Originally Posted by *Satori* 
lol, you have to pull all the weeds first and have a flat surface before you can lay down the weed blocker









haha, its not really lol worthy b'c we did it for our extra driveway area of our property & its worked great... but, maybe if you are only laying a very thin layer of stones or you need it perfectly smooth before you lay the rocks, you'd need to weed prior to covering. Our project went down almost two years ago & we live in a plant environment (tropics) and we've had no breakthru plants. hth & best luck with your project!

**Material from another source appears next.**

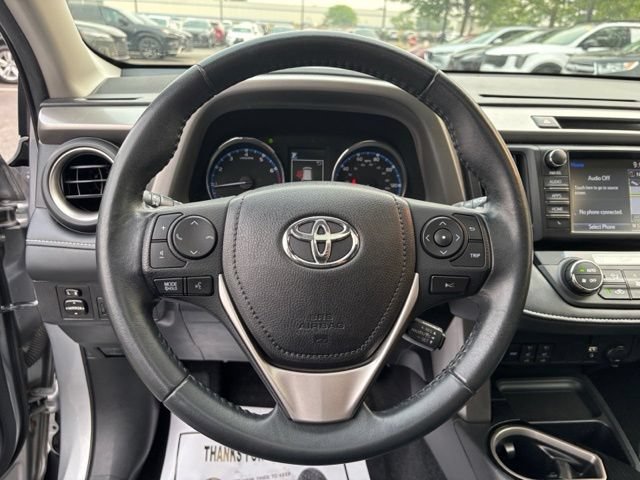 Used 2017 Toyota RAV4 Limited w/ All Weather Liner Package AWD/4WD image 13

p.s. we staked the edges of our plastic sheeting with metal stakes & they have held up so far. I think the sun bakes the life out of anything underneath, and they have no airflow... seems pretty dead under there so far.

edit: i just asked my partner who said that they laid the sheeting in a double layer, then staked a garden (black) canvas on top of the sheeting layer for extra protection. the canvas was riveted on the edges so that the stakes would stay in place over time. neither of us remember the cost of that project. soooo many expenses in owning a home!! it truly never ends, eh?!


----------



## bender (Mar 23, 2007)

Is it a mowable area? If so, I'd mow it with a basket attachment and get rid of the tops. Then you can spray and dig stuff under (maybe with a rototiller?) before putting down a weed blocker layer.

But a HS group trying to earn money sounds like a great plan. You could also bribe/tip them with pizza and soda at the end of the work as well.


----------



## Neva (Feb 12, 2006)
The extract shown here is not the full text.